AIM OF THE EXERCISE: Repeat every line of the data exactly, but not the pictures.

DATASET RECORDS:
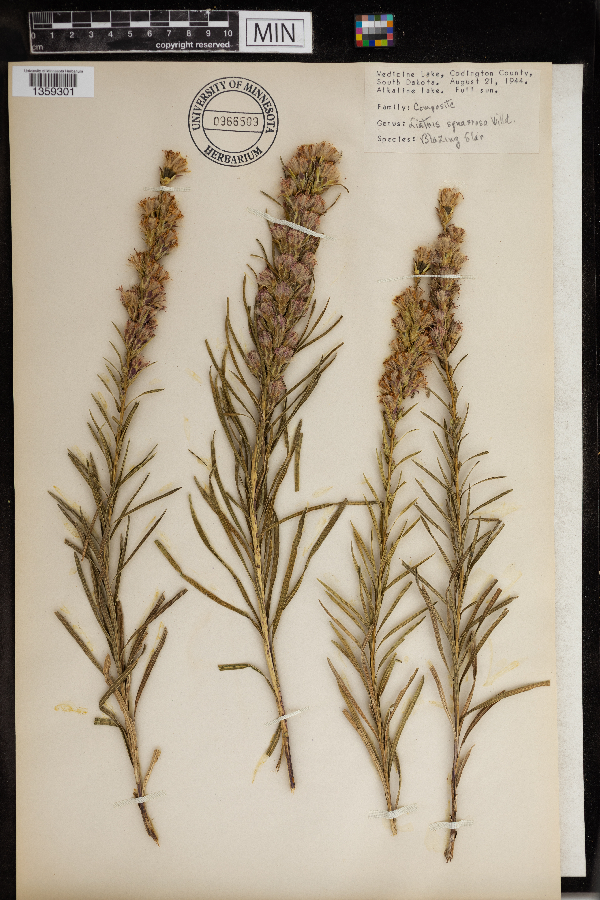 Liatris squarrosa image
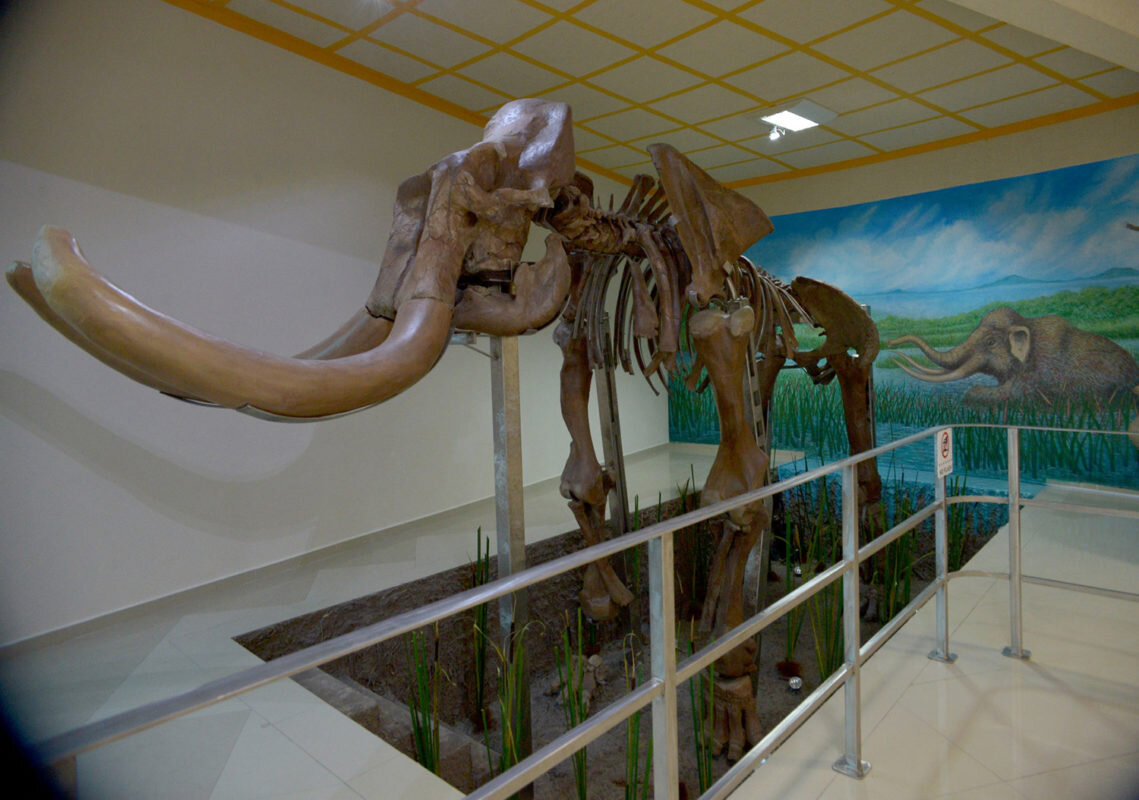 Скелет реконструировали и выставили в музее в Мехико. Источник: https://www.mexicodesconocido.com.mx/el-museo-del-mamut-en-tultepec.html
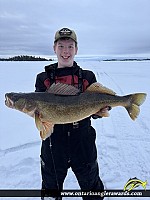 28" Walleye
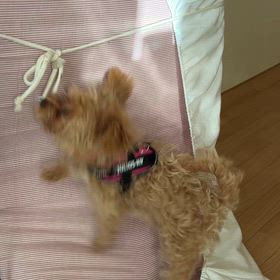 元気すぎるの画像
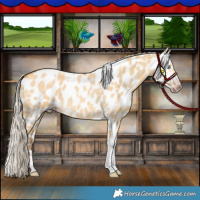 Horse Color:Gray Silver Amber Cream Champagne Roan Dun Splash Tobiano Frame Appaloosa Rabicano 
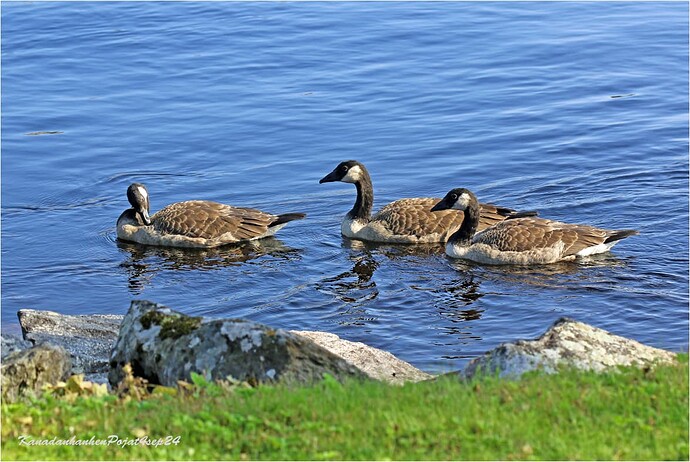 KabadanhanhenPojat4sep24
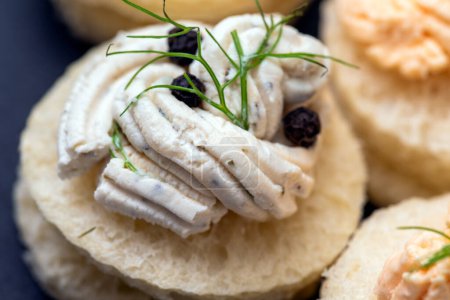 Téléchargez les photos : Gros plan de délicieux canapés au fromage et à la mousse de saumon, amuse-gueule européen - en image libre de droit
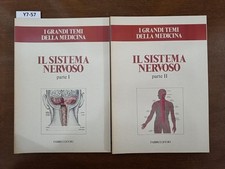 Sistema nervoso parte usato  Carpi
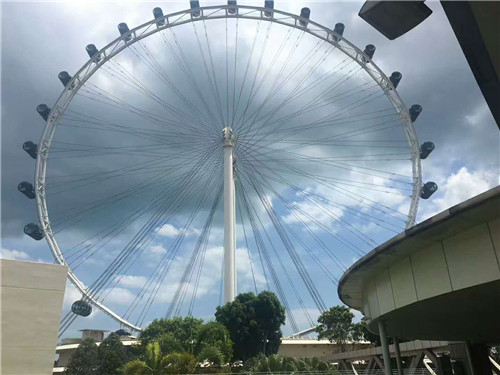 留学生去新加坡行李重量规定,新加坡留学生出国须知及行李清单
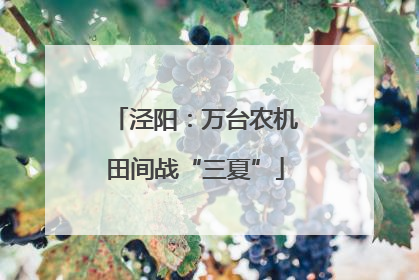 泾阳：万台农机田间战“三夏”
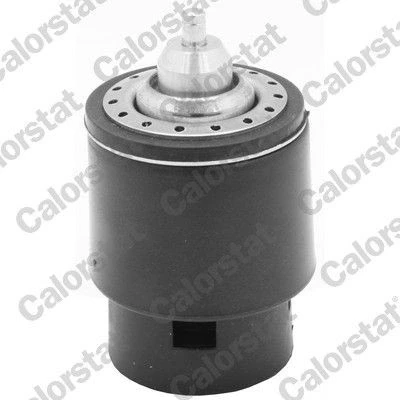 Billede af CALORSTAT by Vernet TH7266.95 Termostat 95 VOLKSWAGEN: up! Hatchback, SEAT: Leon III ST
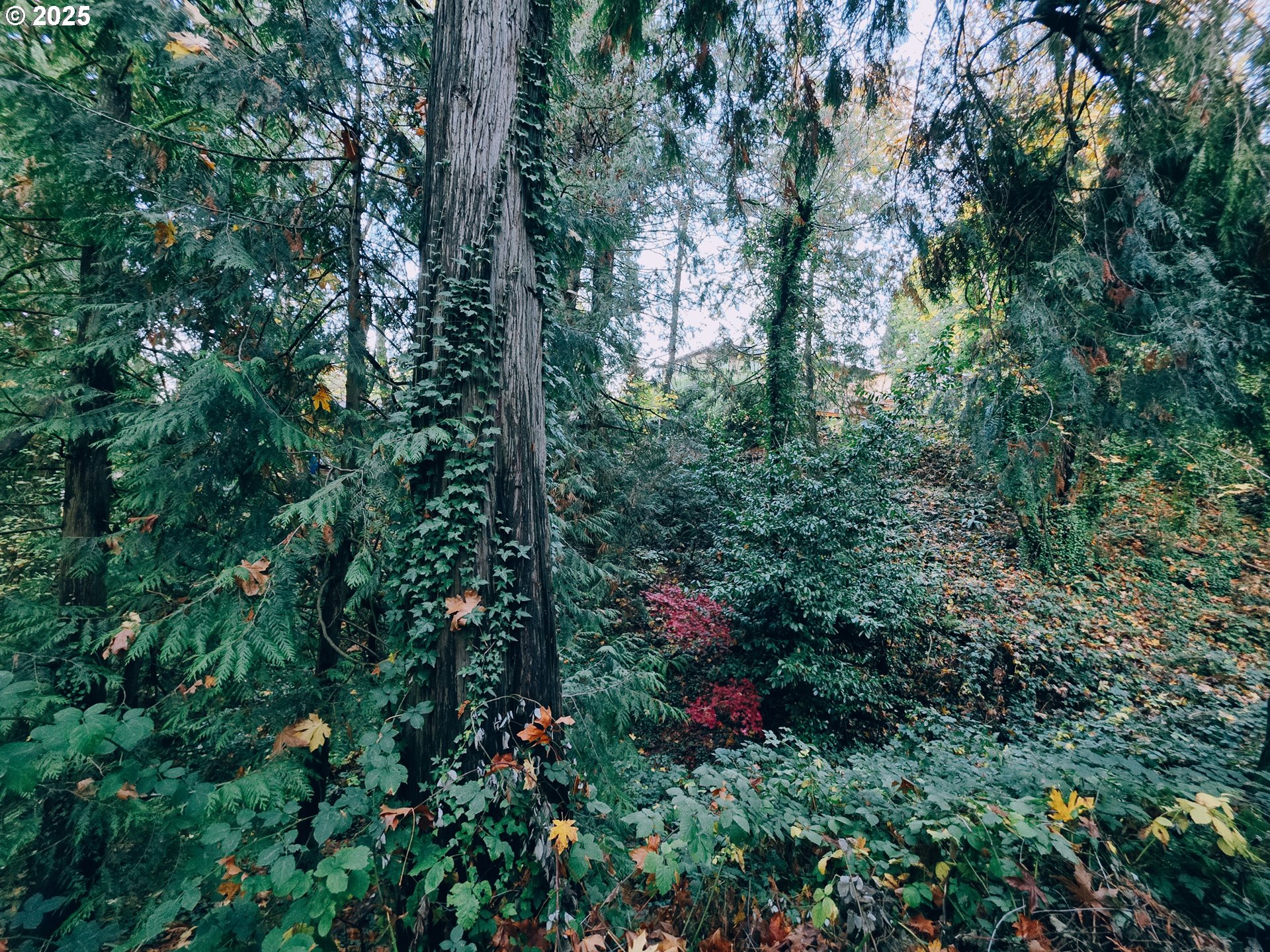 12147 SE HENDERSON DR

EXERCISE SOLUTION:
 Liatris squarrosa image
 Скелет реконструировали и выставили в музее в Мехико. Источник: https://www.mexicodesconocido.com.mx/el-museo-del-mamut-en-tultepec.html
 28" Walleye
 元気すぎるの画像
 Horse Color:Gray Silver Amber Cream Champagne Roan Dun Splash Tobiano Frame Appaloosa Rabicano 
 KabadanhanhenPojat4sep24
 Téléchargez les photos : Gros plan de délicieux canapés au fromage et à la mousse de saumon, amuse-gueule européen - en image libre de droit
 Sistema nervoso parte usato  Carpi
 留学生去新加坡行李重量规定,新加坡留学生出国须知及行李清单
 泾阳：万台农机田间战“三夏”
 Billede af CALORSTAT by Vernet TH7266.95 Termostat 95 VOLKSWAGEN: up! Hatchback, SEAT: Leon III ST
 12147 SE HENDERSON DR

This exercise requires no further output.